The brain model is derived from a simple Braitenberg vehicle 6-neuron model (Fig. 17). It has been designed to react to red color input provided by the image analyzing transfer functions. It is running on the NEST point-neuron simulator. Below you can see a schema of the model.

The robots have classical controllers, so the brain does not control how they move on the low level, but outputs high-level decisions such as “move right”, “move left”, based on stimuli perception. The robots are equipped with a virtual camera that grabs an image from the scene in front of the robot.
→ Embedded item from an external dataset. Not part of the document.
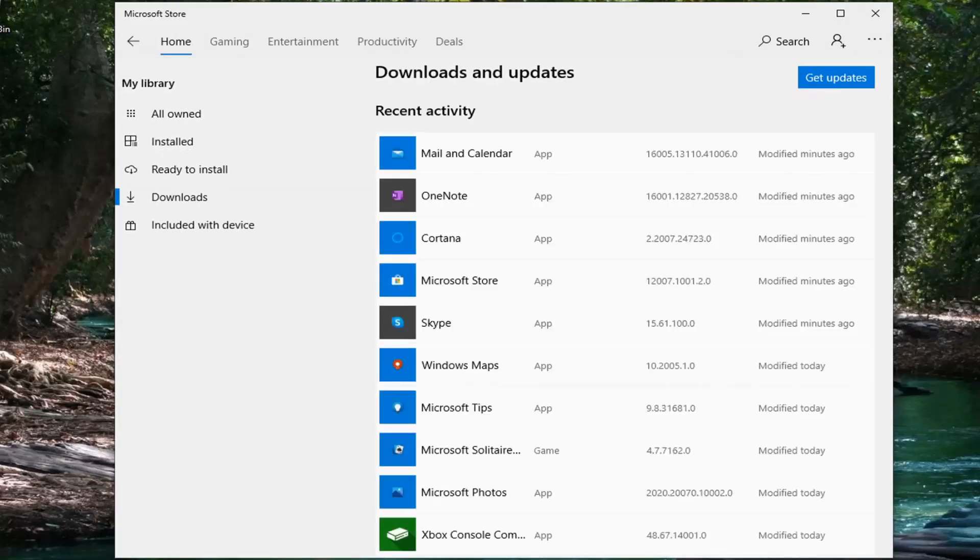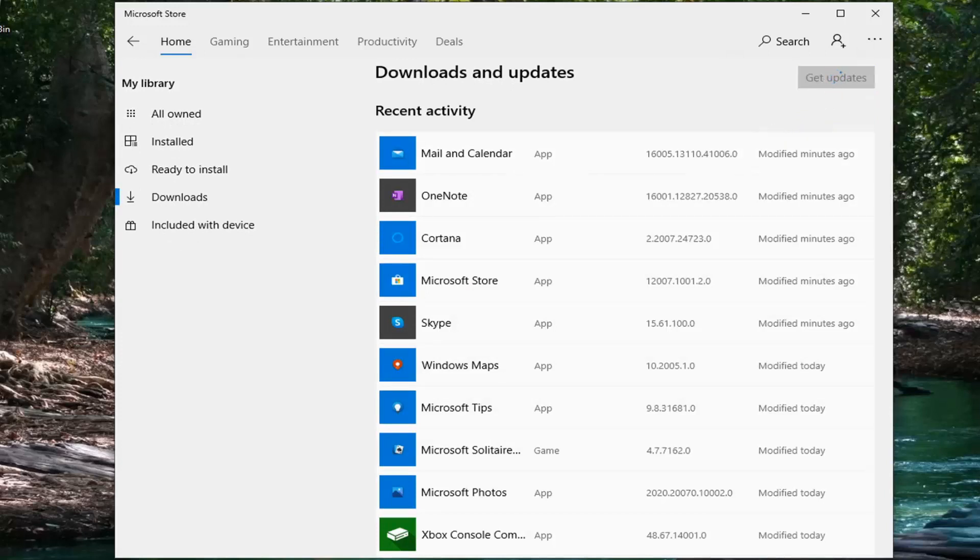And now just give it a moment here and select the Get Updates button. And give it a moment to run.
This image is sent to the brain through so-called “transfer functions” that pre-process it and turn it into usable input for NEST. In return, NEST output spikes go through other transfer functions to be translated into high-level movement commands and sent to the robot controller. The physics engine then updates the scene according to the new robot position. Our world simulation engine is based on the largely adopted Gazebo simulator. Our robots have hardware counterparts that will enable us in the future to switch between hardware and software robots and observe the behavioral differences.